Task brief: Every record below should be written out exactly; pictures stay out.

◆ ◆ ◆

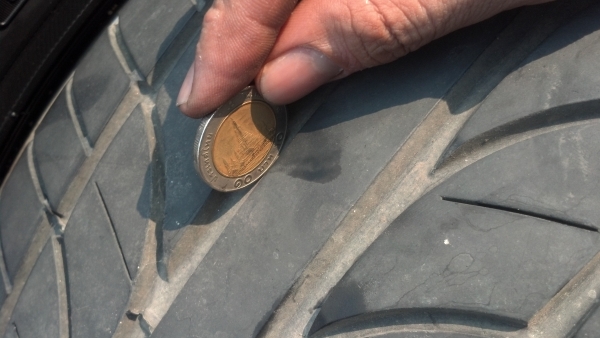 แม็ก 17 บราบัส เยอรมัน พร้อมยางสวย205 50 17 ราคา 8500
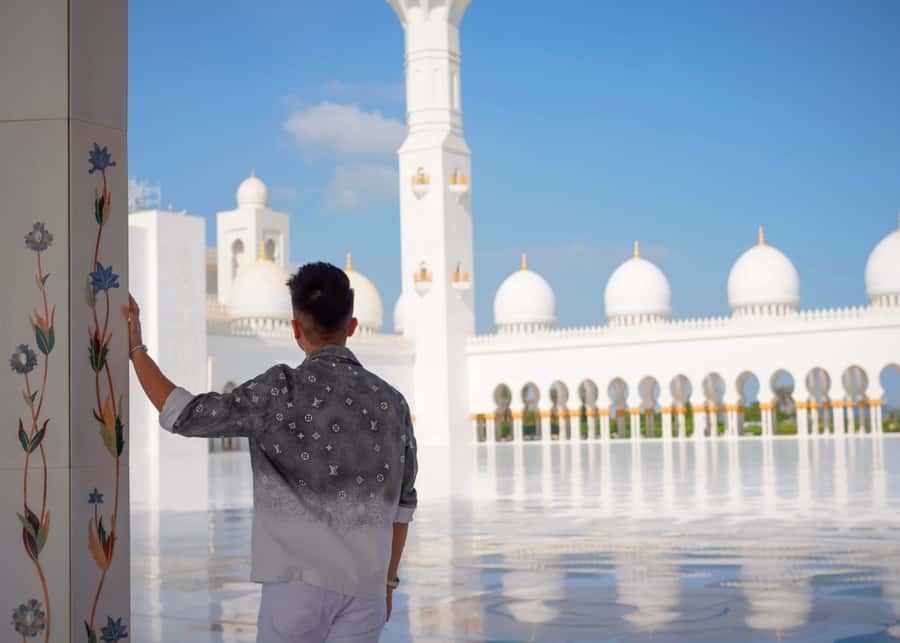 Dubai: Abu Dhabi Day-Trip Grand Mosque, Royal Palace & Lunch - Transport, pace, and the real length of the day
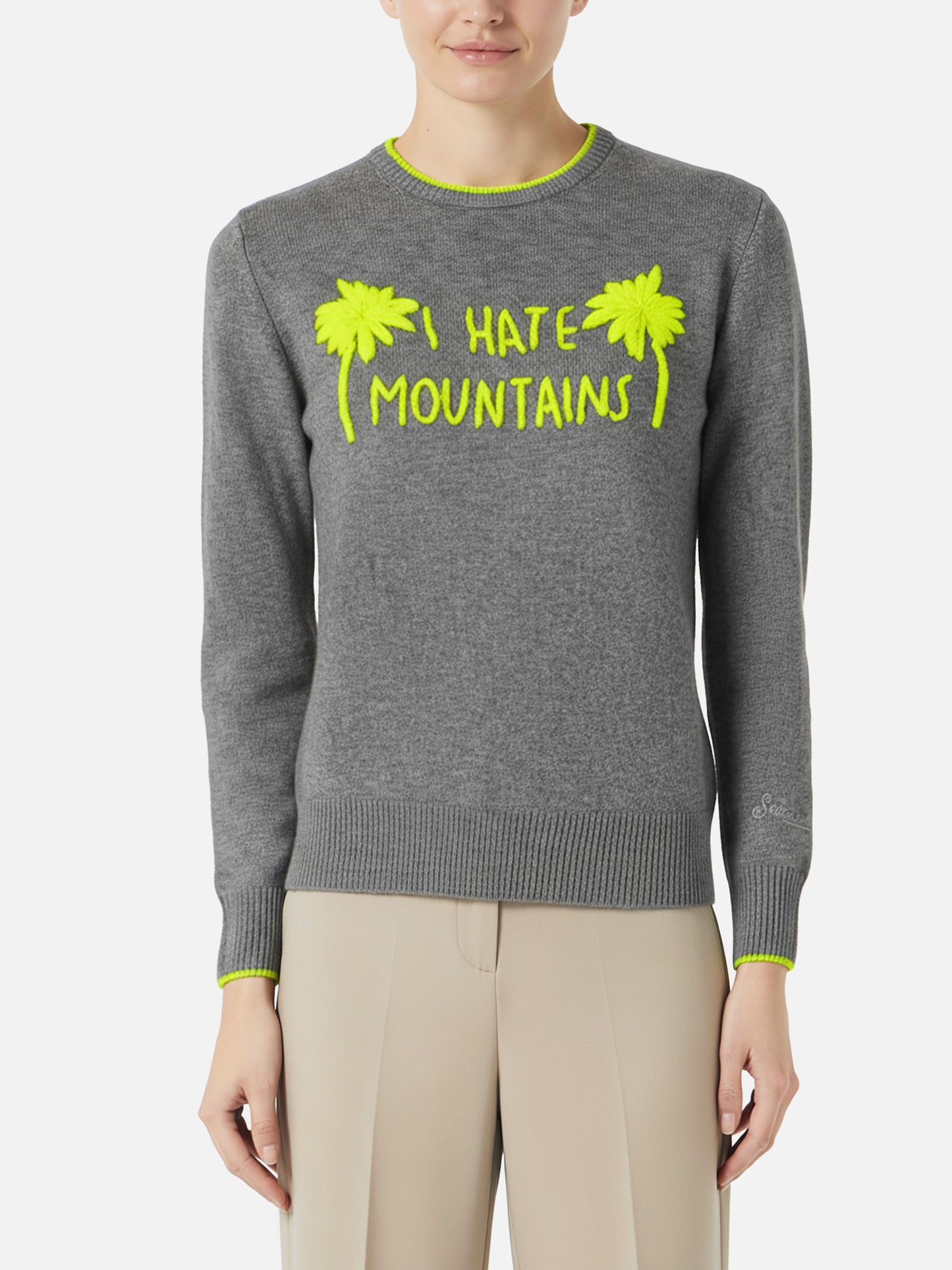 Woman grey sweater yellow fluo I hate mountains embroidery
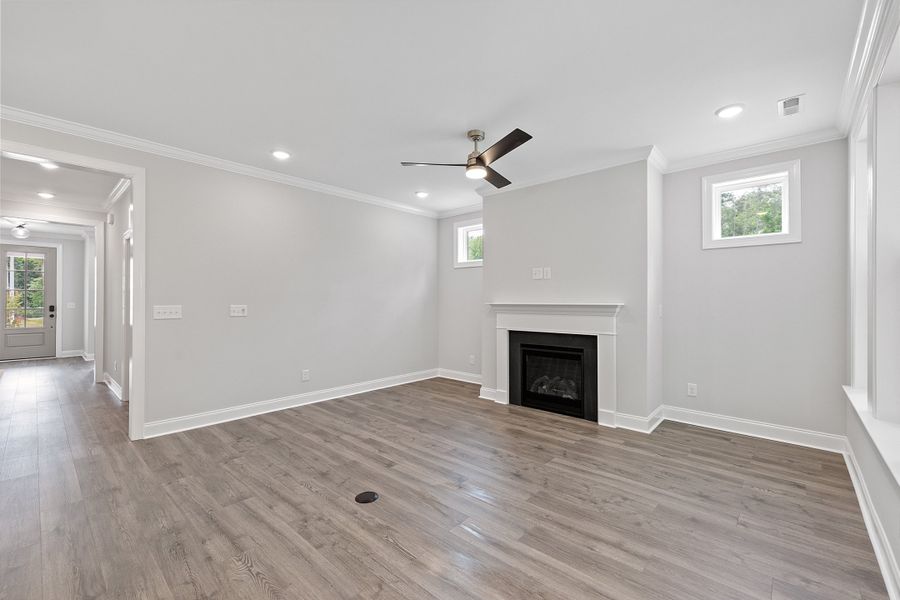 Representative unfurnished interior of a home built from the The Ellery by RobuckHomes in Baylee Ridge, Selma (Image 49).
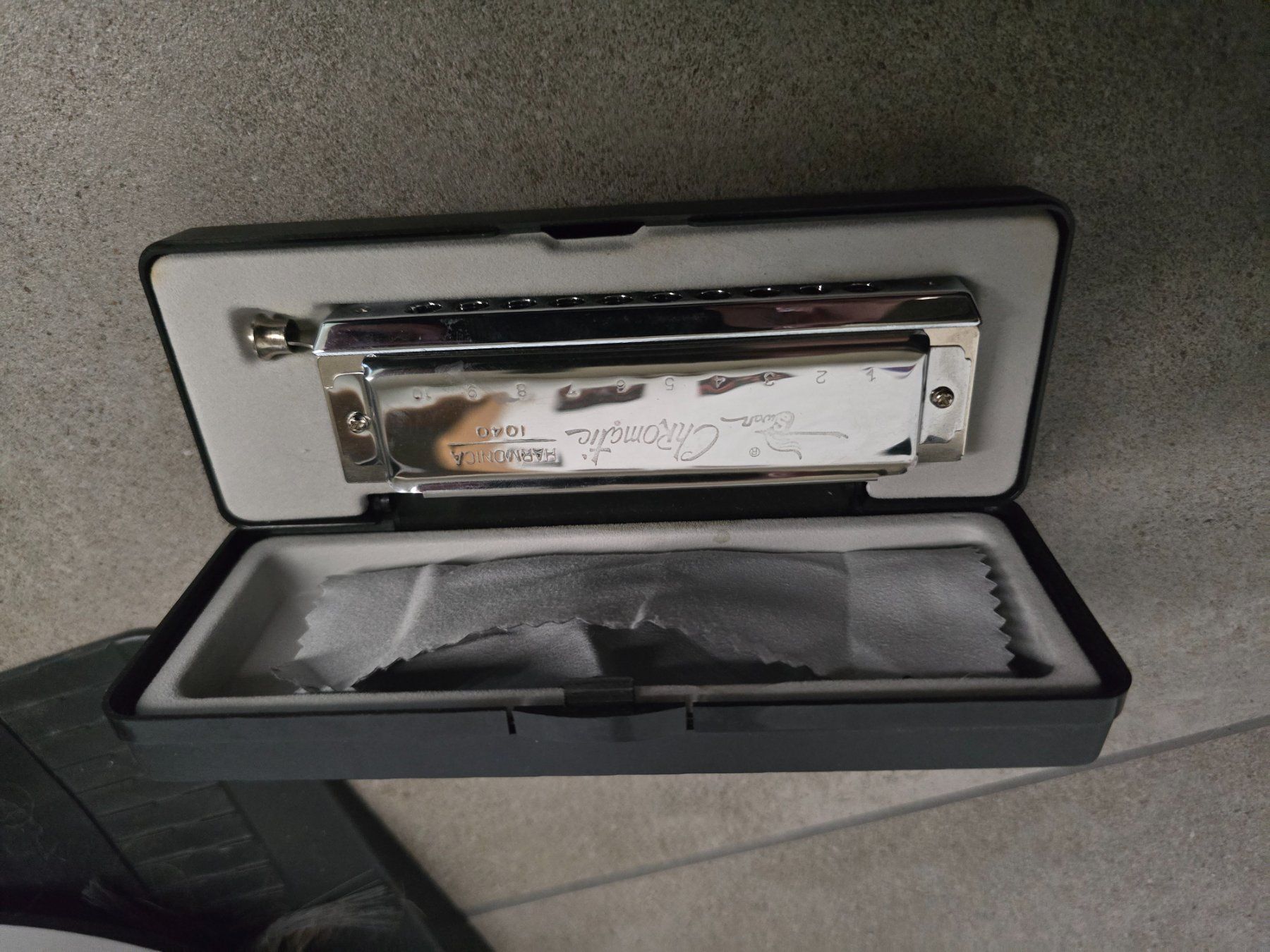 Strumenti musicali: Harmonica Chromatique, comme neuf, avec étui! – Usato da Saillon venduto da MimiBov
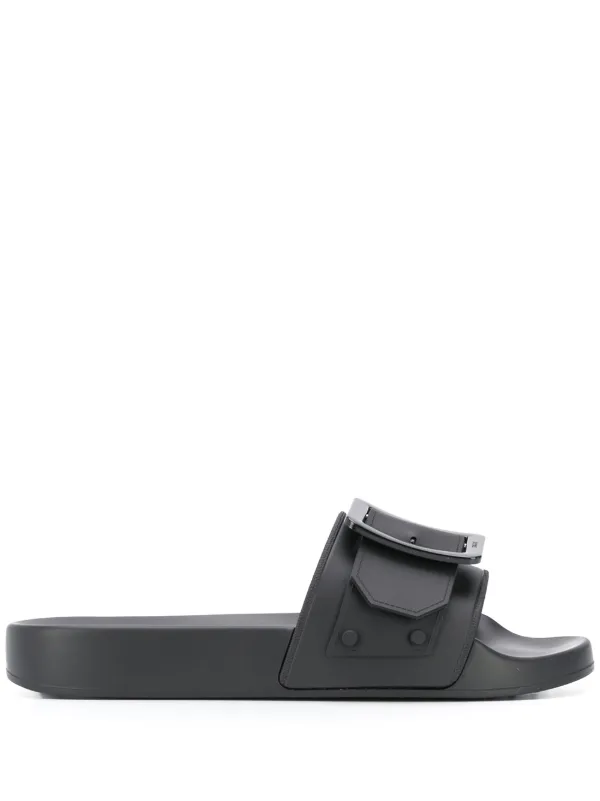 black buckle sliders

◆ ◆ ◆

Written answer:
 แม็ก 17 บราบัส เยอรมัน พร้อมยางสวย205 50 17 ราคา 8500
 Dubai: Abu Dhabi Day-Trip Grand Mosque, Royal Palace & Lunch - Transport, pace, and the real length of the day
 Woman grey sweater yellow fluo I hate mountains embroidery
 Representative unfurnished interior of a home built from the The Ellery by RobuckHomes in Baylee Ridge, Selma (Image 49).
 Strumenti musicali: Harmonica Chromatique, comme neuf, avec étui! – Usato da Saillon venduto da MimiBov
 black buckle sliders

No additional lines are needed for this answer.